THE PROBLEM:
Return, with both end lines included, exactly what the data below holds from the line with "In this video" through the line with "Patrons will also", though not the pictures.
START INFORMATION
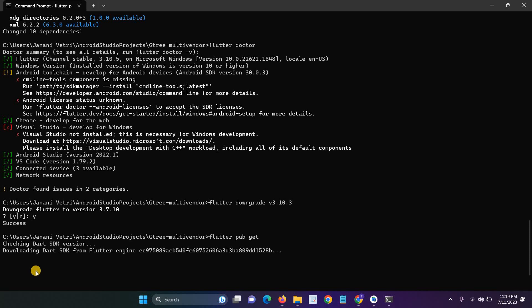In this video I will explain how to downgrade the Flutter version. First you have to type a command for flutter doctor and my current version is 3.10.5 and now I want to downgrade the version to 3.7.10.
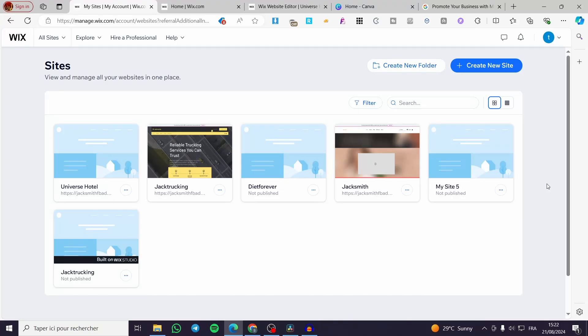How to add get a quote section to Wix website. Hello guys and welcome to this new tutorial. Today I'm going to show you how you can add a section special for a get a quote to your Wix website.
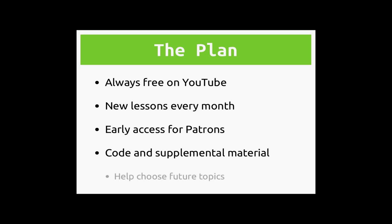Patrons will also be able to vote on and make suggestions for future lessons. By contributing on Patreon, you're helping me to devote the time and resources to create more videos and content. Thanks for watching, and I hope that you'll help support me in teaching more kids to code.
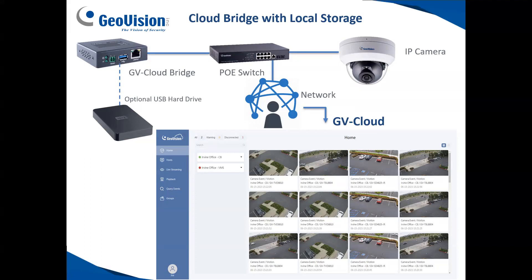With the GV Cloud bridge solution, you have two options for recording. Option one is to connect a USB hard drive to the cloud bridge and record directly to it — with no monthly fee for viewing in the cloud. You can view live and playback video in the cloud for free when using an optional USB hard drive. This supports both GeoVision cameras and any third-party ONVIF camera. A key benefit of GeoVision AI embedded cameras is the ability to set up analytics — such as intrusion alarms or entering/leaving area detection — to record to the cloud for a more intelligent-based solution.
END INFORMATION
START INFORMATION
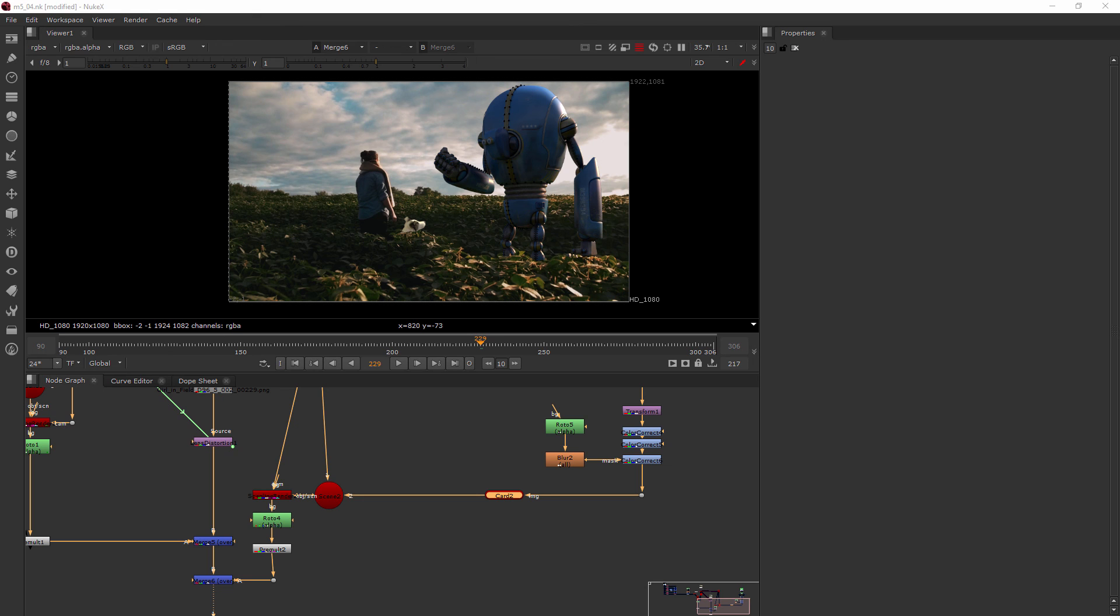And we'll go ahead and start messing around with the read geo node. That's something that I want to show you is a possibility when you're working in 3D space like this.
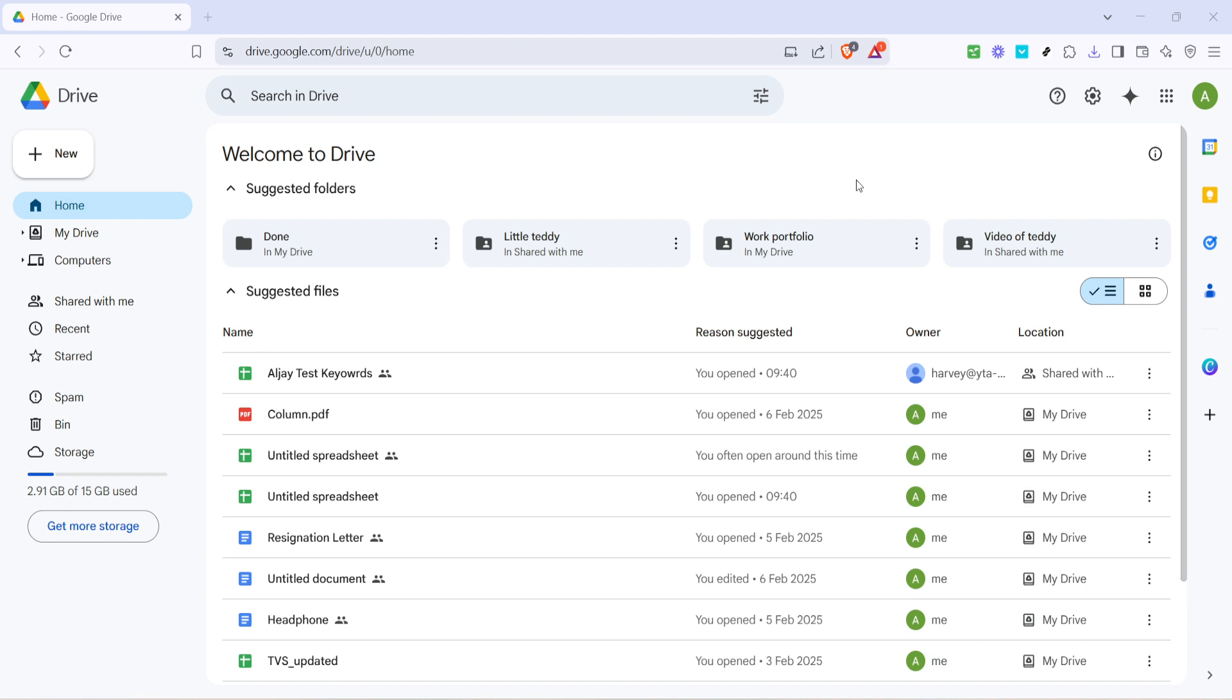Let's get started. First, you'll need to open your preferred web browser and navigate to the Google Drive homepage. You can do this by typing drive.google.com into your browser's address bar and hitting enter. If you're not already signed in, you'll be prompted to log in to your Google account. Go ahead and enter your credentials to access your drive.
END INFORMATION
START INFORMATION
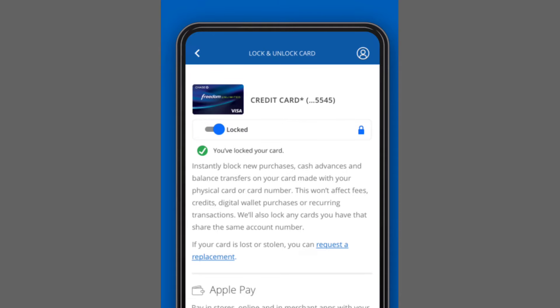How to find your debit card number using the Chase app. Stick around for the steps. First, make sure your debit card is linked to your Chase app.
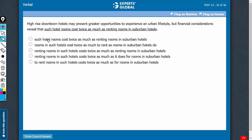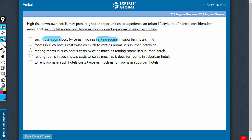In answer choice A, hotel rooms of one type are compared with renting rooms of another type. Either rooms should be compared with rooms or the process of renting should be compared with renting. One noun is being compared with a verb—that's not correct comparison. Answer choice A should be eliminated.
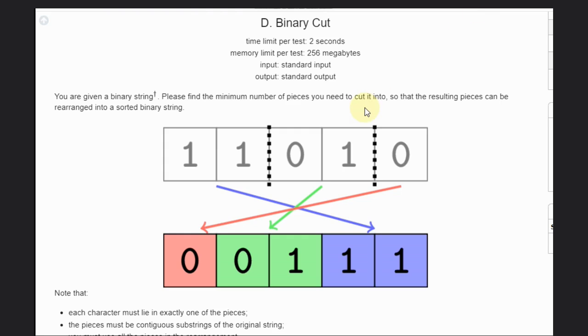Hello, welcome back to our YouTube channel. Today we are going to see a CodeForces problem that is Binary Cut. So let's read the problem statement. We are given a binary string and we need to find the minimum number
END INFORMATION
ANSWER SECTION:
In this video I will explain how to downgrade the Flutter version. First you have to type a command for flutter doctor and my current version is 3.10.5 and now I want to downgrade the version to 3.7.10.
How to add get a quote section to Wix website. Hello guys and welcome to this new tutorial. Today I'm going to show you how you can add a section special for a get a quote to your Wix website.
Patrons will also be able to vote on and make suggestions for future lessons. By contributing on Patreon, you're helping me to devote the time and resources to create more videos and content. Thanks for watching, and I hope that you'll help support me in teaching more kids to code.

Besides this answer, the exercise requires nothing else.